- _What to work on_:
In the data that follows, find the line with "Audi A8 4.0"; transcribe it, every later line up to the one with "Chubby German Lady", and that line as well, exactly and with no others.
(Entries shown Opens)
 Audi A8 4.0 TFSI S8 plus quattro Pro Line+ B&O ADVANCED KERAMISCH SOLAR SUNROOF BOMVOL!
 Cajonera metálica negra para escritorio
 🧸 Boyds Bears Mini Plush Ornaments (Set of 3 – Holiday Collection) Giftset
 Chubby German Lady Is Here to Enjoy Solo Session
(Entries shown Closes)
(Entries shown Opens)
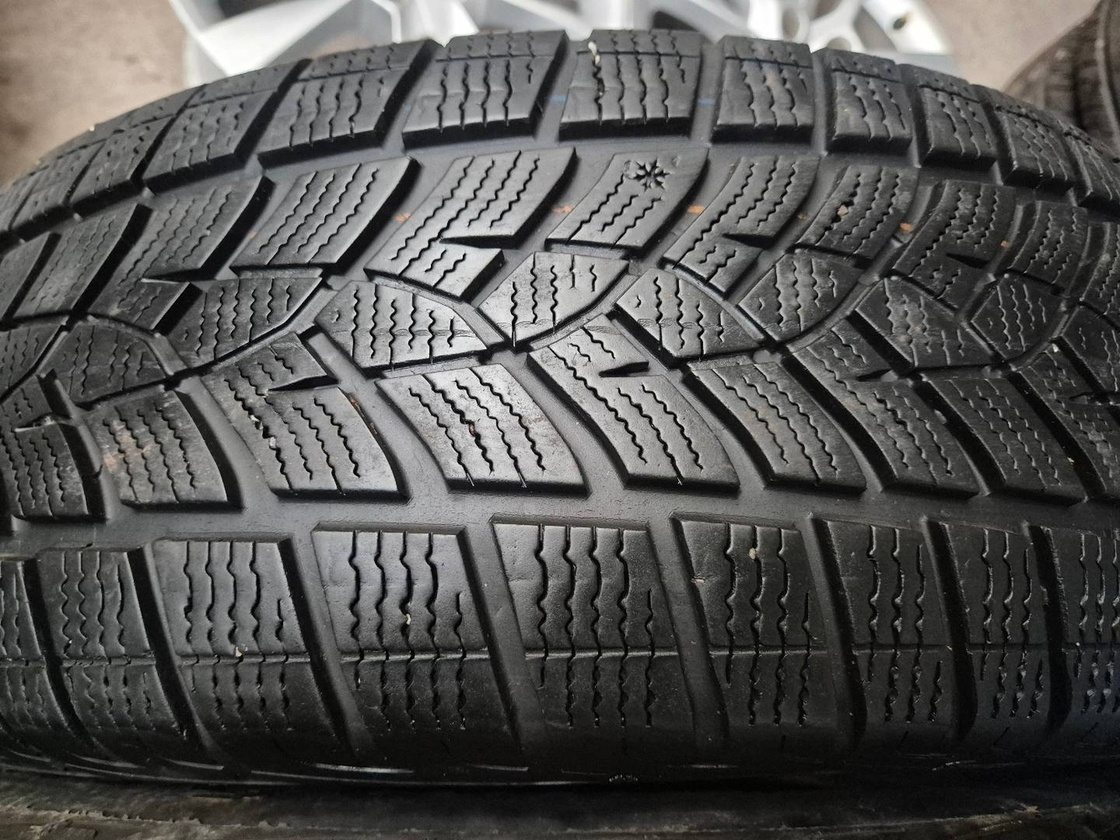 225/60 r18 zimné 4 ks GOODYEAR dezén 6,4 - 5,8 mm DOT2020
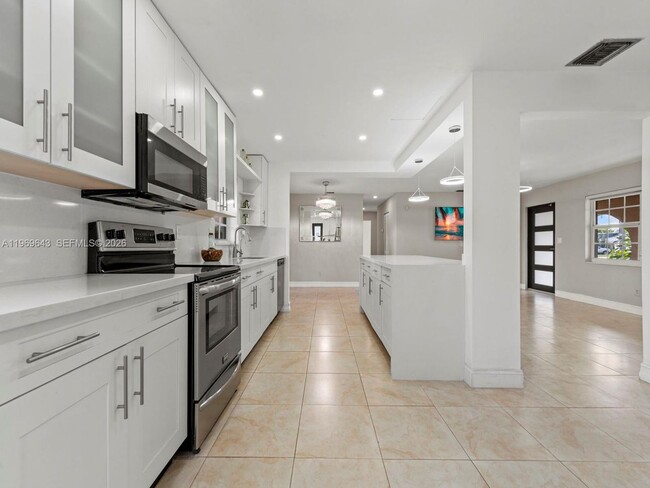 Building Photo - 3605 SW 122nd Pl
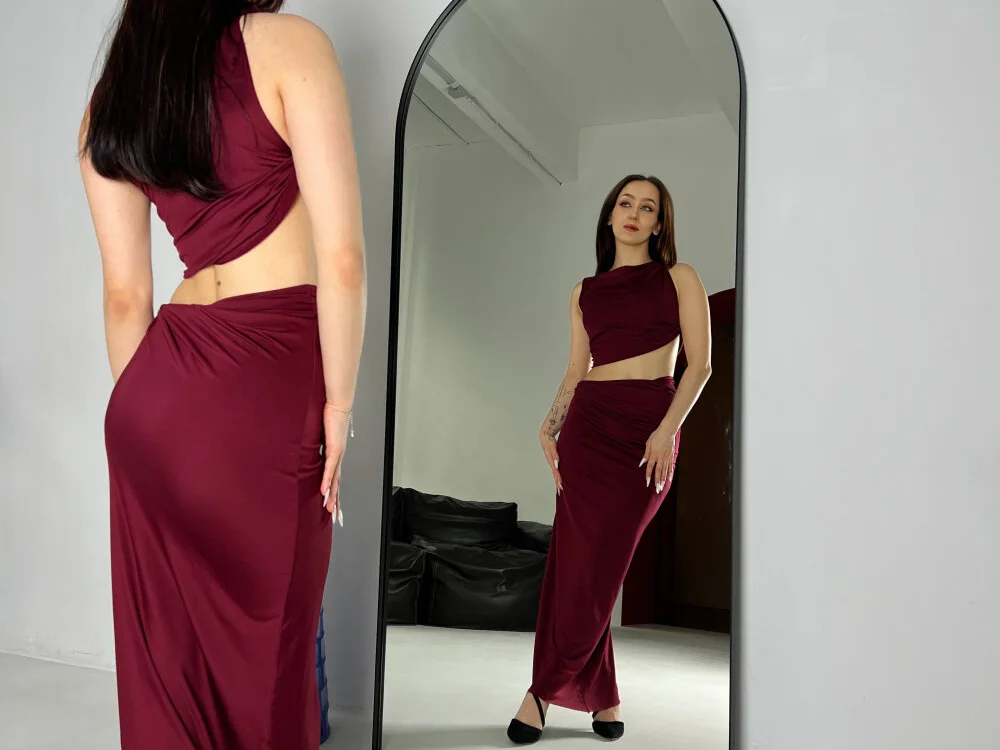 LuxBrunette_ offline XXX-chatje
(Entries shown Closes)
- _Solution for this exercise_:
 Audi A8 4.0 TFSI S8 plus quattro Pro Line+ B&O ADVANCED KERAMISCH SOLAR SUNROOF BOMVOL!
 Cajonera metálica negra para escritorio
 🧸 Boyds Bears Mini Plush Ornaments (Set of 3 – Holiday Collection) Giftset
 Chubby German Lady Is Here to Enjoy Solo Session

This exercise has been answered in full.